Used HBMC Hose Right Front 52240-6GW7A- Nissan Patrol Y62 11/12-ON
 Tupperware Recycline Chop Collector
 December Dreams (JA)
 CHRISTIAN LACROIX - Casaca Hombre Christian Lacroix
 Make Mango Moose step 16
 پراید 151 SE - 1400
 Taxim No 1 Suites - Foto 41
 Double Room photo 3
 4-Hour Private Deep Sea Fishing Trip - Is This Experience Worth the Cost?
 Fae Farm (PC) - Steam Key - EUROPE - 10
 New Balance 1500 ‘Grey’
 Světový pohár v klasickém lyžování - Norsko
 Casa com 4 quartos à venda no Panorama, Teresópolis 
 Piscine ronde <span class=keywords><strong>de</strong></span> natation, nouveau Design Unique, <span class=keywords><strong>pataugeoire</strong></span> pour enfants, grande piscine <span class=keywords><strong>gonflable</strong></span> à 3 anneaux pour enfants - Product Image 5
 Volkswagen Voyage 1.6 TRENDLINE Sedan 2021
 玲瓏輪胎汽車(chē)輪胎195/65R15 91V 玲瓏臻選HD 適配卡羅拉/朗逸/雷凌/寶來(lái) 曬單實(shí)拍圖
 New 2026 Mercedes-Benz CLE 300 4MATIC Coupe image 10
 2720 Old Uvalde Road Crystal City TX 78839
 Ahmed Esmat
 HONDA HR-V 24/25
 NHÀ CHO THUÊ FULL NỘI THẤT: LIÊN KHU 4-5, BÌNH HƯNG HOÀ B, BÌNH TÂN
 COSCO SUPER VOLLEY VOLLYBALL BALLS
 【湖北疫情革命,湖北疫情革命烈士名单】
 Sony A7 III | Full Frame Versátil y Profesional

(Work request) The response should be an exact copy of the lines from the one with "COSCO SUPER VOLLEY VOLLYBALL BALLS" through the end of the data, with no other text.

(Solved problem)
 COSCO SUPER VOLLEY VOLLYBALL BALLS
 【湖北疫情革命,湖北疫情革命烈士名单】
 Sony A7 III | Full Frame Versátil y Profesional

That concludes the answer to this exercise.